Recently I’ve spent some time at iVote. This is an organization dedicated to bringing the right to vote in municipal elections to Toronto’s 200 000 or so permanent residents. Their reasoning seems sound and it would undoubtedly increase turnout at the ballot boxes, at least in real numbers. Hopefully, permanent residents would be more enthusiastic about the process than the 39% or so of citizens who bothered to vote in the last election.

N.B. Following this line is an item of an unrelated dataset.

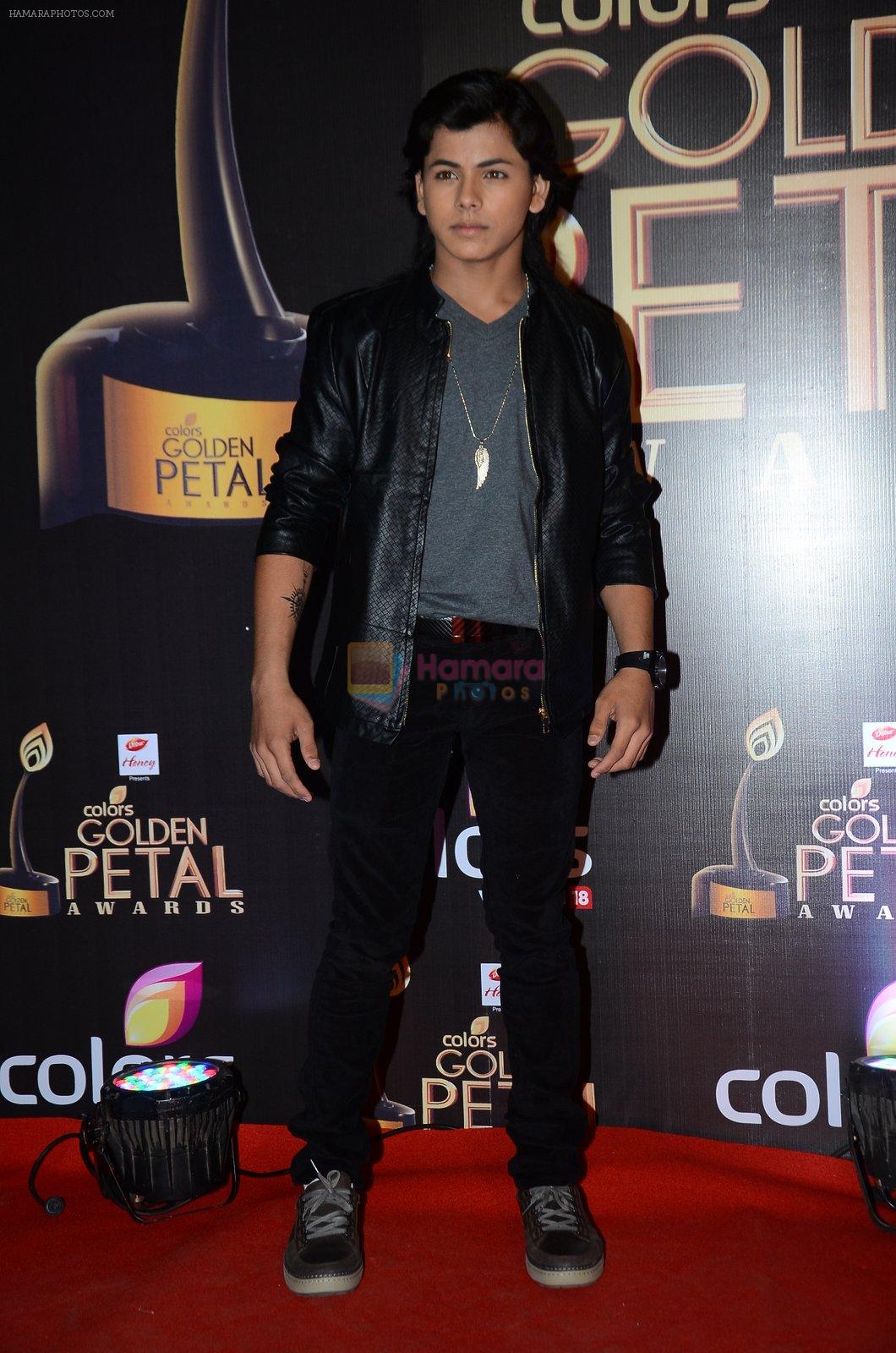 at Golden Petal Awards in Mumbai on 6th March 2016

Something caught my attention while reading through the iVote information. Currently, voter eligibility is limited to Canadian citizens residing in Toronto who are at least 18 years-old. In addition, and here’s the interesting part, either a resident of the municipality or a property owner or tenant or the spouse or same sex partner of an owner or tenant in the municipality during a specified time just before the election [italics mine]. My reading of this is that if you own or rent property in a municipality, you are eligible to vote in that municipality. So that if you own or rent properties in numerous municipalities, you can vote in numerous municipal elections. According to iVote: … someone with a property in each of Ontario’s 444 municipalities can vote in all 444 municipal elections, even though they do not reside in all of them [italics mine. Again.]
I don’t know. There’s just something wrong with that and maybe only at a visceral, gut-level. My visceral, gut-level. It seems to contradict that whole one person, one vote concept we were raised on.
Certainly at a provincial level, no such ownership option for voting exists. I realize that there, as well as in the federal parliament, it is one elected body and so if you could vote where you lived as well as where you owned or rented property that it would be an example of more than one vote for one person. At the municipal level, it is distinct governments you vote for. Still, if you have particular views like say, lower taxes, those views are reflected more often than those held by single property owners or renters.
It feels undemocratic, harkening back to the days when voting for anything was open only to the propertied classes. It smacks of privilege and rubs me the wrong way. And like most people, I only like to rubbed in the right way.